A woman on Tuesday was charged with setting a fire that burned The Senator, one of the world’s oldest cypress trees — and she told authorities she did it because she was wanted light to see the drugs she was doing, investigators said.
Two witnesses identified Sara Barnes, 26, as the person who set the fire, authorities said.
Barnes took photos of the flames with her cellphone and told one of the witnesses that she started it, the Florida Department of Agriculture and Consumer Servicessaid.
“She did not call the Fire Department or 911 to report the fire,” said Sterling Ivey, an agriculture-department spokesman.
The tree, which had twigs and branches piled at the base, burned quickly.
“It’s a great fuel source,” Ivey said. “Unfortunately.”
Investigators searched Barnes’ apartment near Winter Park Tuesday and confiscated her cellphone and laptop computer. Authorities found methamphetamine, a glass pipe and other drug paraphernalia, they said.
The Seminole County Sheriff’s Office arrested Barnes late Tuesday on charges of possession of methamphetamine with intent to sell and possession of drug paraphernalia. Another woman with Barnes at the apartment was arrested on charges of drug and paraphernalia possession.
Her Facebook page, which describes her as a model who attended Winter Park High School, contained several profanity-laced comments late Tuesday.

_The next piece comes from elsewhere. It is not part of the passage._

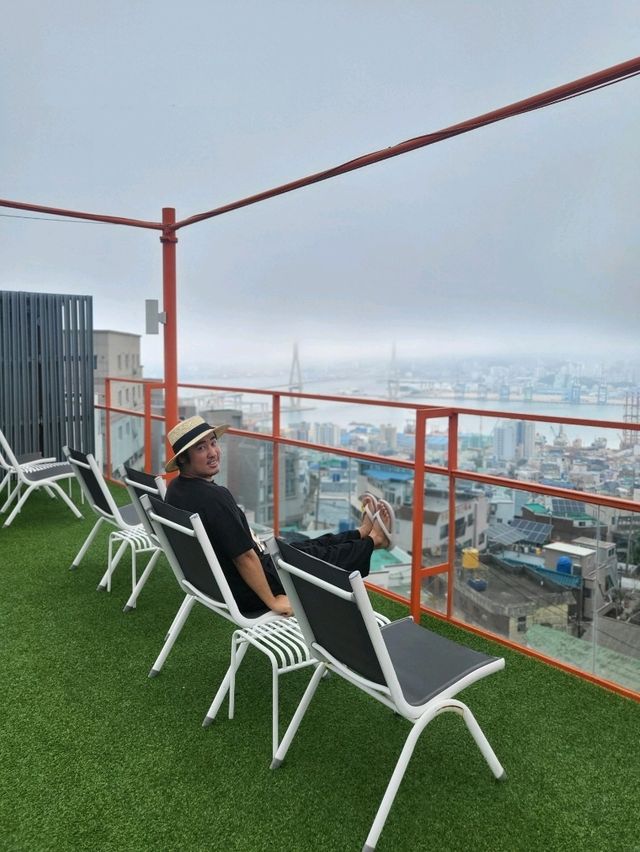 부산항대교가 보이는 오션뷰 카페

One decried her for “destroying a global treasure,”
The Senator, which stood at Big Tree Park north of Longwood, burned a little after 5:30 a.m. Jan. 16. Known as “The Big Tree,” it was thought to have been more than 3,500 years old. With a height of 118 feet and a diameter of nearly 18 feet, the tree was a tourist attraction long before Walt Disney World.
A tip to Crimeline Jan. 17 led to Barnes’ arrest. She is being held in the Seminole County Jail.
Another person was with Barnes when the interior of the tree was set on fire, Ivey said. That person has not been publicly identified or charged.
Seminole County will spend nearly $30,000 to install fencing at Big Tree Park near the site where The Senator stood, county commissioners decided today. The fence is designed to prevent someone from stealing the remains of the tree or damaging Lady Liberty, another cypress tree that is an estimated 2,000 years old.